Even though I know it's not THIS student who has earned my frustration. It's the whole long line of them, and the fact that I'm seeing them as all connected, all allied on some level against me, when in fact the only thing they have in common is a survival instinct for keeping close to the earth that had served them well up until they found themselves in the peculiar set of circumstances that is an aerial yoga class.

Having reached this conclusion, I now know the outside limit of yoga classes I can handle on a daily and weekly basis without losing my zen, and failing to be the teacher I want to be.

It'd be easy to be hard on myself, and in the name of those poor students, push myself to teach more and keep my mouth shut...but that would be as bad for my students as it would be for me. You can't force growth. And, if you're seeking to be more compassionate with others, you have to start by being more compassionate with yourself.

Over, and over, and over again.

I feel certain that there's such a thing as too much self-compassion...but I haven't hit that point yet, and maybe I'm wrong about that anyway. Maybe thinking that just goes to show how much more compassionate I need to be with myself.

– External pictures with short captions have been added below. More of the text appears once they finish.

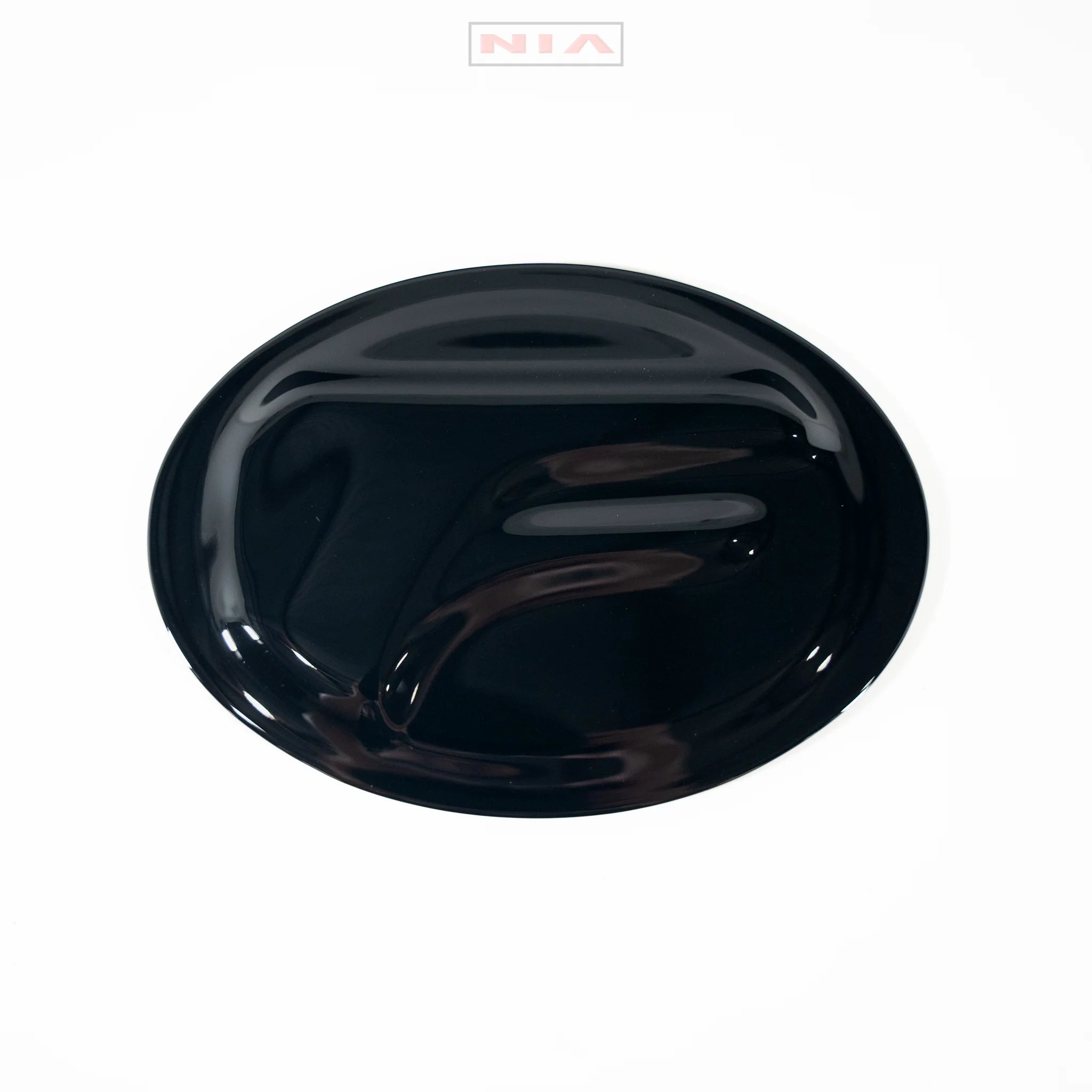 Lexus NIA Replacement F Emblem (7") in ABS or Carbon Fiber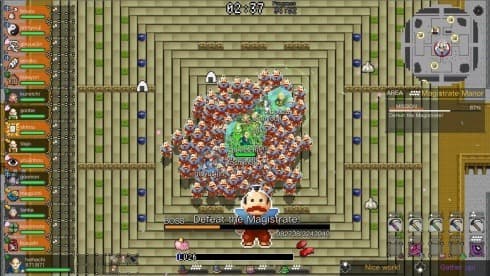 Ikki Unite screenshot 3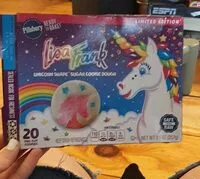 Mängden socker i Cookies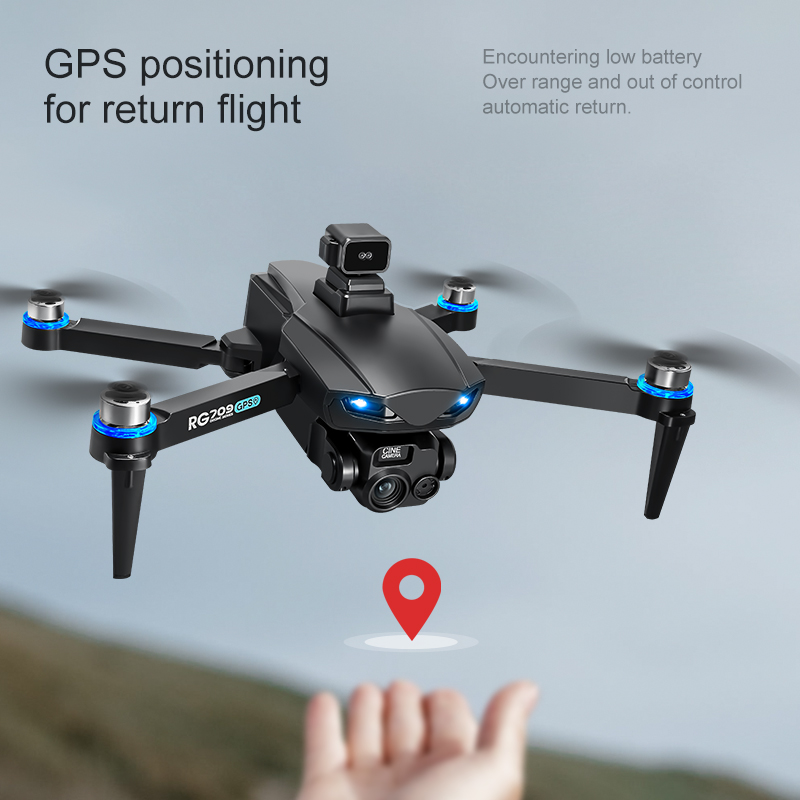 NEUE 8K-Drohne mit HD-Kamera,  – Rc Helicopter Electric Bewertung und Preis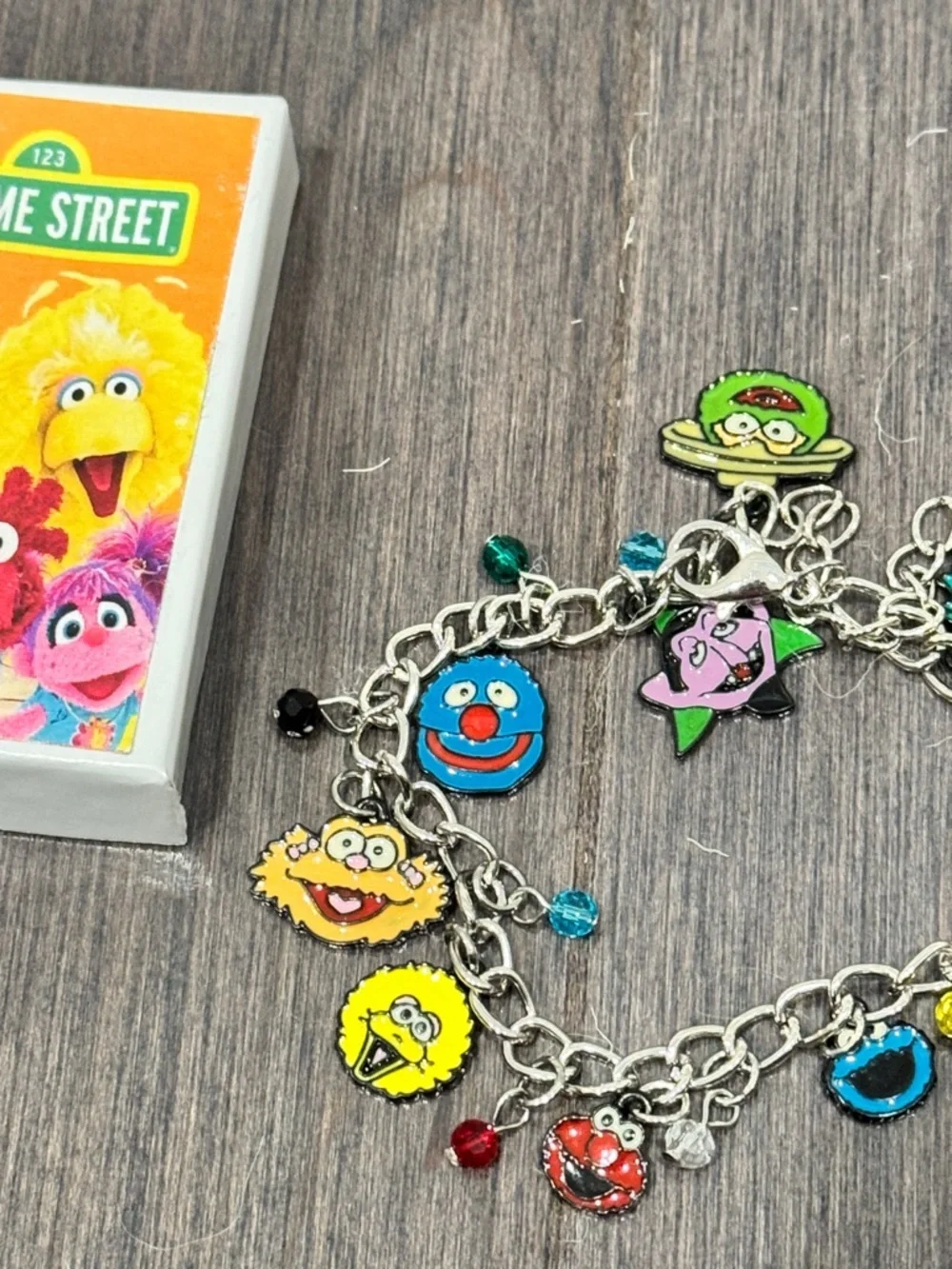 Sesame Street my this fun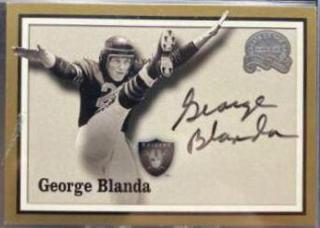 George Blanda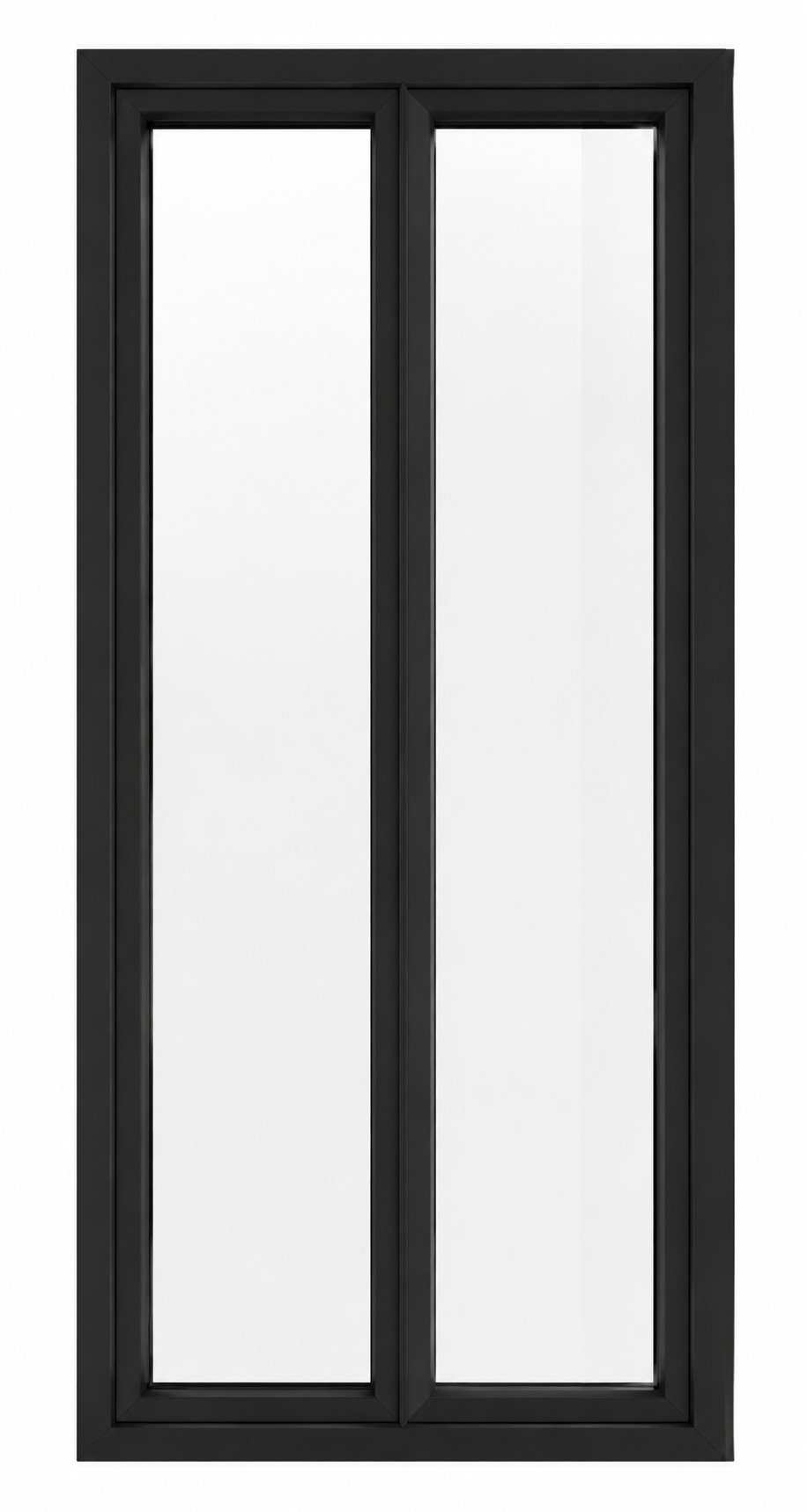 Softline 70 Window - 32 x 60 - Right tilt & turn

It's tough when self-study turns up stuff we might not be so keen to know about ourselves. Even if you can reach for that compassionate response, you still need that compassionate response because it's a bit of a downer to find out you're not as kind, or patient, or humble, or whatever it might be as you had thought you were. But in a way, it's tough when it turns up the good stuff, too, because you want to have about the same reaction to both: something along the lines of, "Huh...interesting."I tell my students that we're trying to cultivate the attitude of a scientist observing an experiment. Objective, and equally interested in whatever outcome she or he sees.

Don't be afraid to observe yourself in action. You never know what you'll find, but that's the point! The only way to truly know yourself, and to slowly but surely grow into the person you want to be, is to pay attention to who you are right now, instead of assuming you already know. You can try it in a yoga class at first: observing how you react to each pose, and each sensation in your body. You'll want to bring this practice off the mat, too though. And get meta! How do you respond to the things that you're discovering through your svatyaya?

It's a study that never gets old. There's always more to learn! Will you be getting started at your next yoga class? Have you already worked with svatyaya? What discoveries did you make about yourself that surprised you?